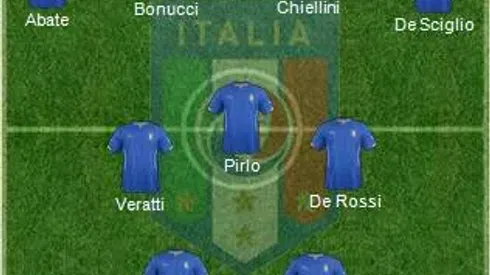 Italy: World Cup 2014 Team Preview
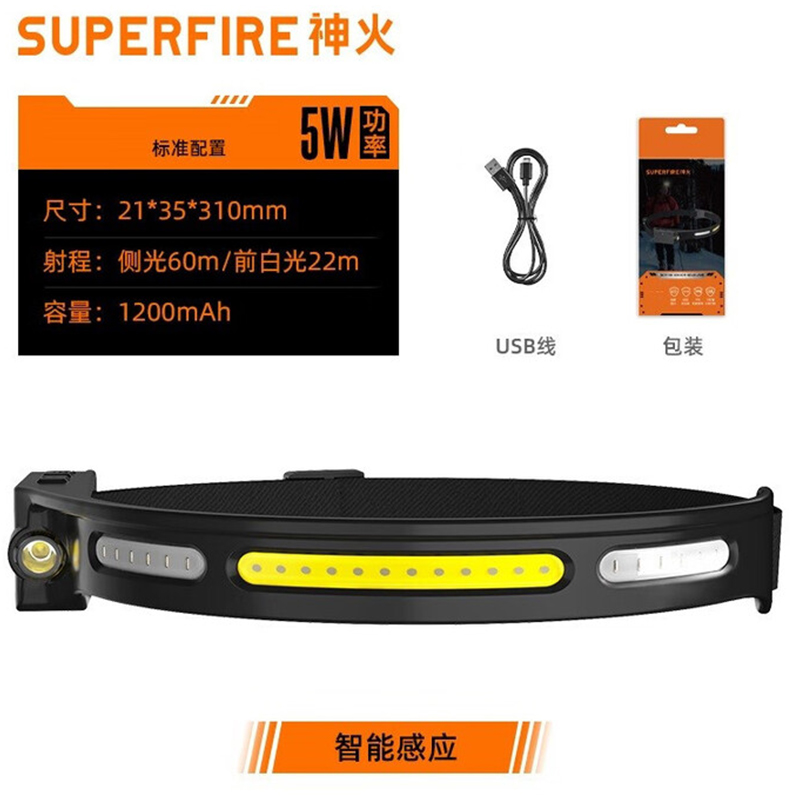 神火HL76雙光源超輕感應頭燈圖片1 神火HL76雙光源超輕感應頭燈圖片1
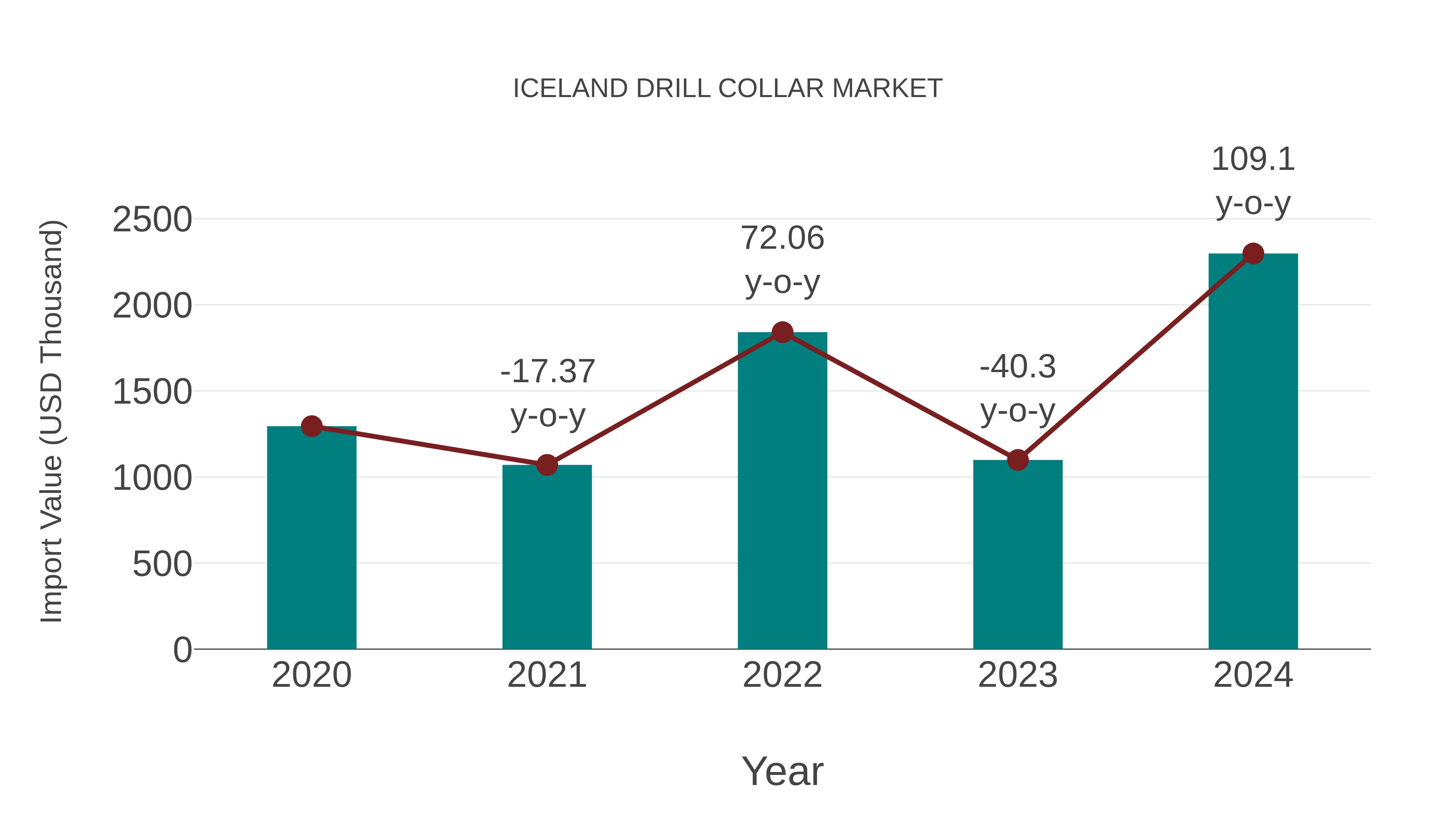 Iceland Drill Collar Market: Import Trend Analysis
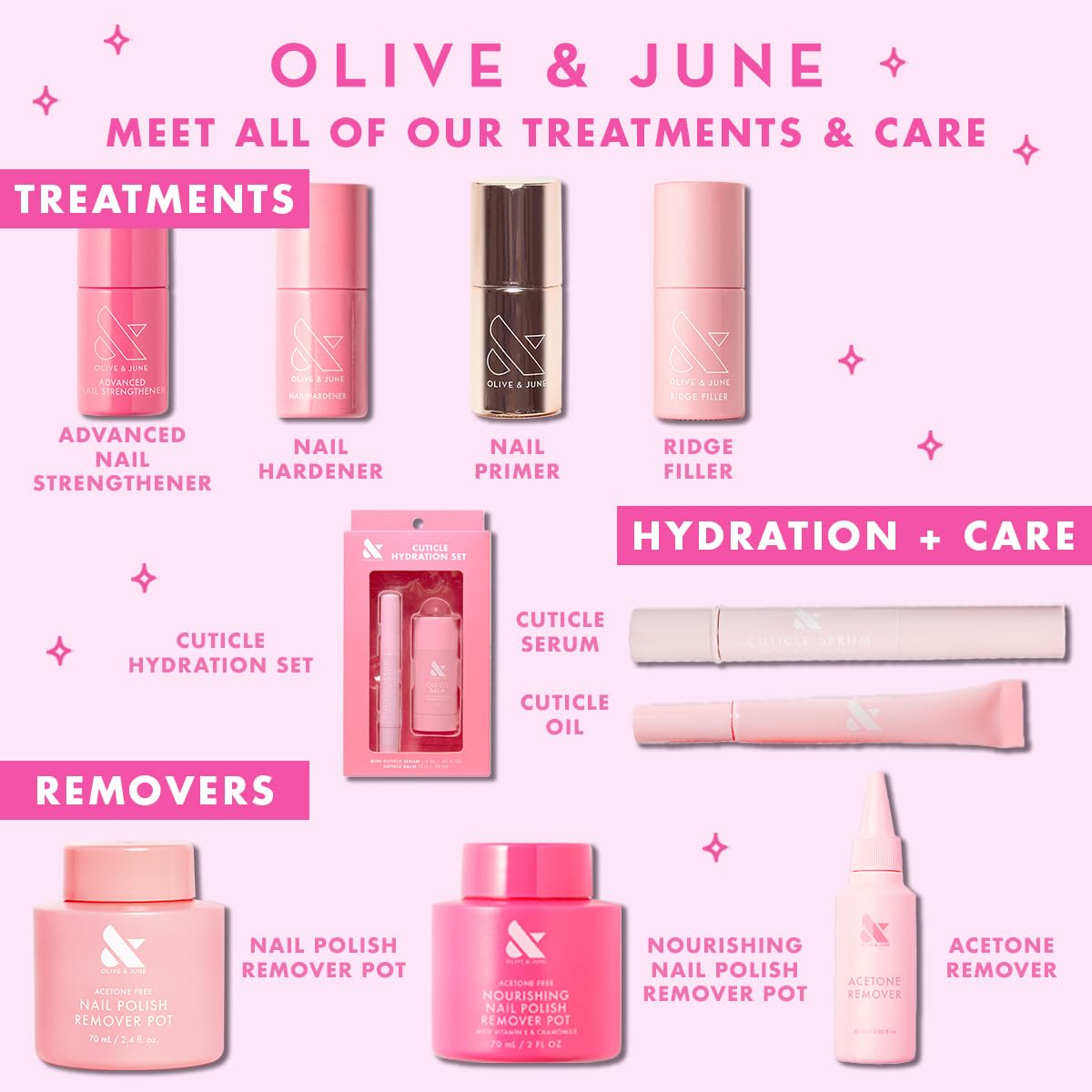 Back of Olive And June cuticle oil tube showing ingredients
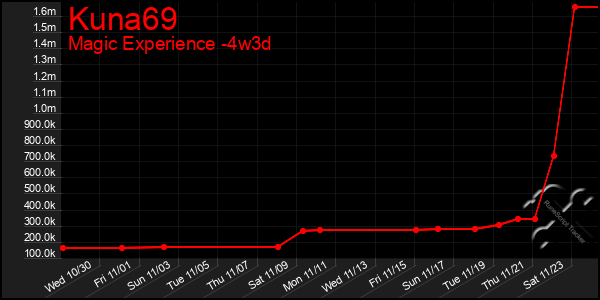 Last 31 Days Graph of Kuna69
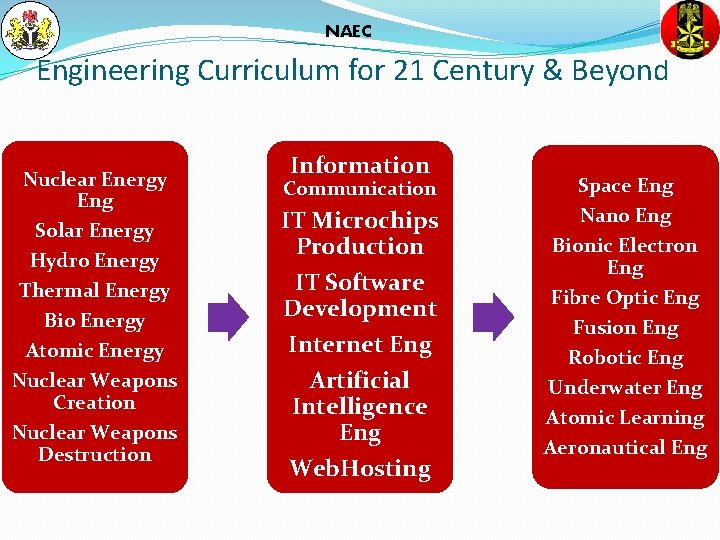 NAEC Engineering Curriculum for 21 Century & Beyond Nuclear Energy Eng Solar Energy Hydro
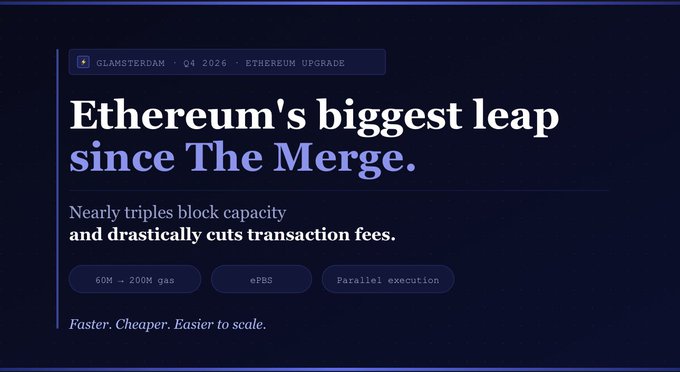 A promotional graphic for Ethereum's 'Glamsterdam' upgrade (Q4 2026), headlined 'Ethereum's biggest leap since The Merge' with features like 60M → 200M gas, ePBS, and Parallel execution.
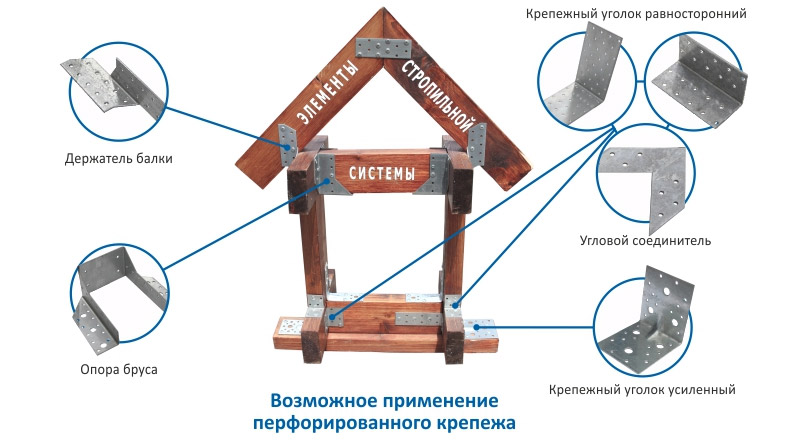 Крепежные пластины для стропил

________________________________________

## What you should do:
Your answer should contain only the lines from the beginning of the listing above through the line with "Last 31 Days Graph of Kuna69", copied exactly and without the pictures.

## Completed exercise:
 Italy: World Cup 2014 Team Preview
 神火HL76雙光源超輕感應頭燈圖片1 神火HL76雙光源超輕感應頭燈圖片1
 Iceland Drill Collar Market: Import Trend Analysis
 Back of Olive And June cuticle oil tube showing ingredients
 Last 31 Days Graph of Kuna69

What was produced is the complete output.